Normal circus acts rely upon their acts to create an impression on their audiences. Others may then build upon those acts with eye-catching costumes, stellar live bands, elaborate sets and fantastic tales. However, we continue to imagine that a performance full of pathos is the domain of actual theatre, not ‘physical theatre’.
Yet that is exactly what Short Round Productions’ Filament delivered in their matinee performance in RCC’s new location by the riverbank. The show takes traditional circus performances and entwines them with a youthful story of love, friendship and identity. Youth is the reoccurring theme throughout the performance – popular music from Florence + The Machine, Sufjan Stevens and Kings of Leon backed the routines, smartphones were often used as props to the narrative, and the performers gave fantastically exaggerated renditions of stereotypical ‘millennial’ characters.
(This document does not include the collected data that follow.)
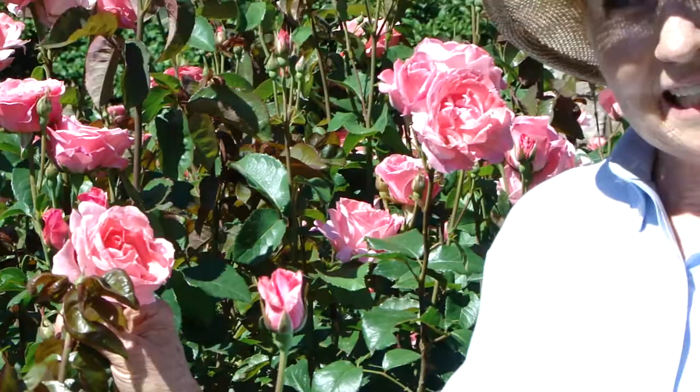This rose I'm standing in today is one that I wanted to talk about, because when I was pruning roses this year, I was short-handed for people, and so I did not get to this rose as soon as I did the other roses. So when I pruned this, I had to prune it at a higher level.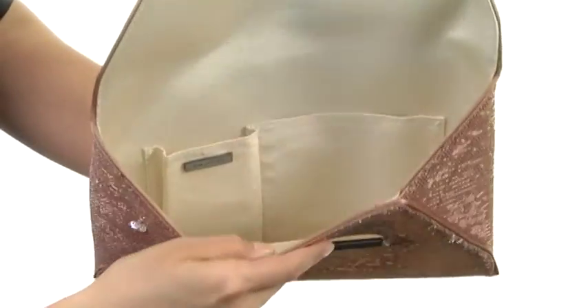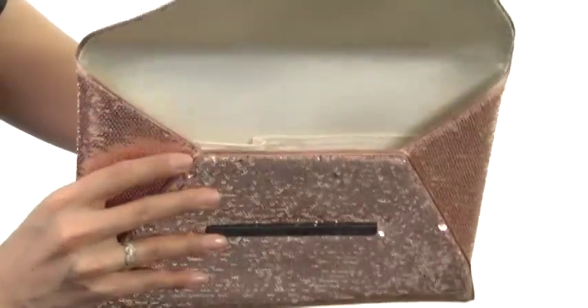The interior is beautifully lined with lots of room for all of your necessities. It even has slip compartments on the back wall for you to stay organized.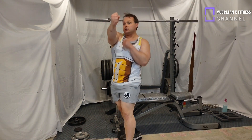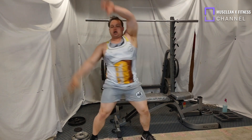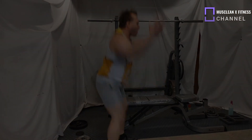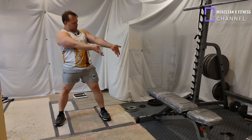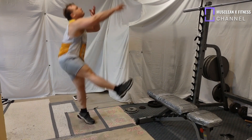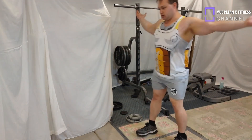Hello everyone and welcome back. Your host the Terminator, and today we are showing you how to do hip thrusts on free weight — free weight hip thrusts. We're going to show you proper ways to do it instead of improper ways, and then we're going to show you proper technique along with proper breathing as well.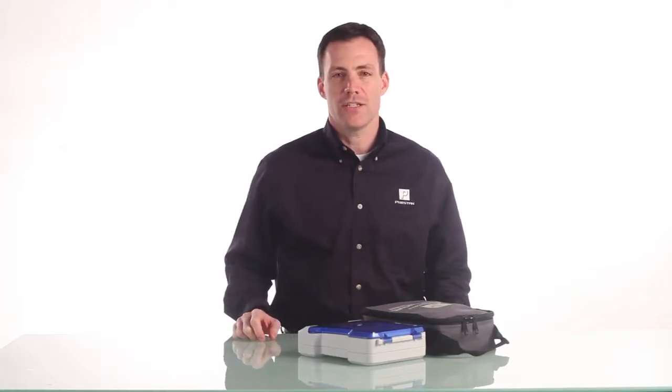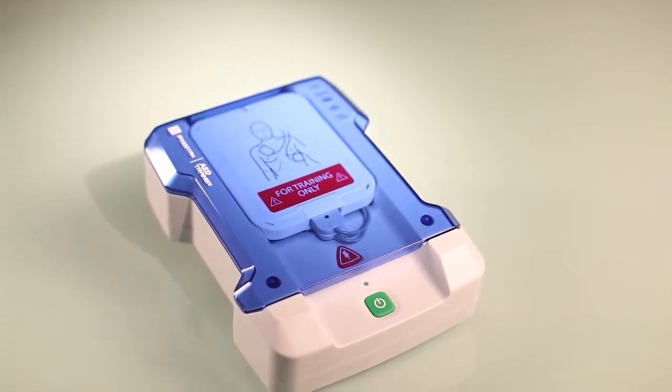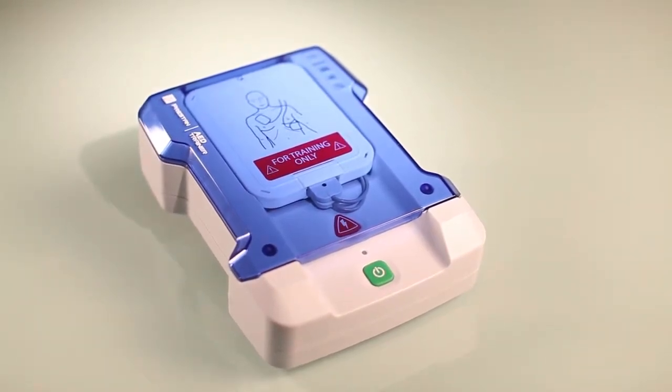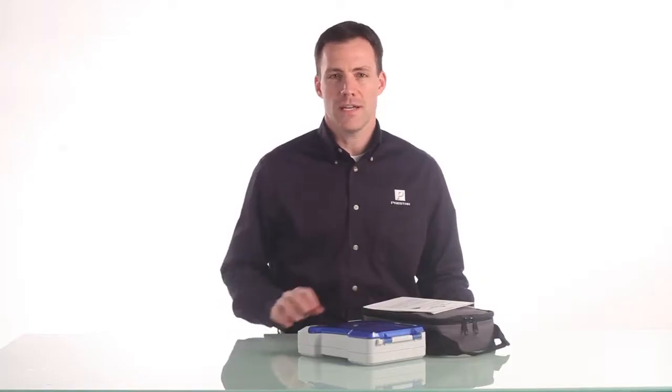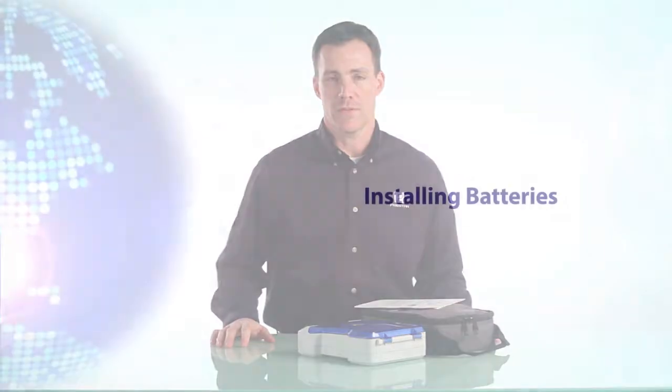The Preston Professional AED Trainer is an innovative and exciting new product for the CPR AED instructor. The purpose of this video is to help you set up the units and explain some of the features of the product. Everything we're going over here is contained in the instruction sheet, so if you have trouble with something you can always refer back to the instruction sheet or the video.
Which is not to take away from the physical acts themselves; there were some deeply impressive feats of grace, strength and flexibility from the performers with the usual spread of balance stands, trapezes, poles and contortions. That being said, I can easily point to several circus shows I have seen whose performers were more talented and whose acts were more ambitious, and had Filament consisted solely of these routines, I would likely assign it a mediocre score.
But the production is so much more than a circus show; ‘physical theatre’ is a particularly apt means of describing it. While some may think that a story centred around millennial drama would be tiresome, narcissistic or inconsequential, the Filament team use it as a basis for exploring weighty issues that confront the younger generation: social anxiety, beauty standards, troubled relationships and sexual identity. Even more remarkable for a group largely made up out of circus performers, their performances are affectingly genuine, with a special mention to French-Canadian Maude Parent as the adorably and hilariously awkward Leslie.
Filament does nothing to subvert clichés of the millennial generation – indeed relying upon many of them – but it nevertheless provides an endearing and heartfelt narrative that explores the often-trivialised issues challenging this generation. While it lacks the nuance of proper theatre, Short Round Productions' show does a wonderful job of blending entertaining routines with a damn good yarn.
Recommended also on the merits of the angriest hula hoop routine ever.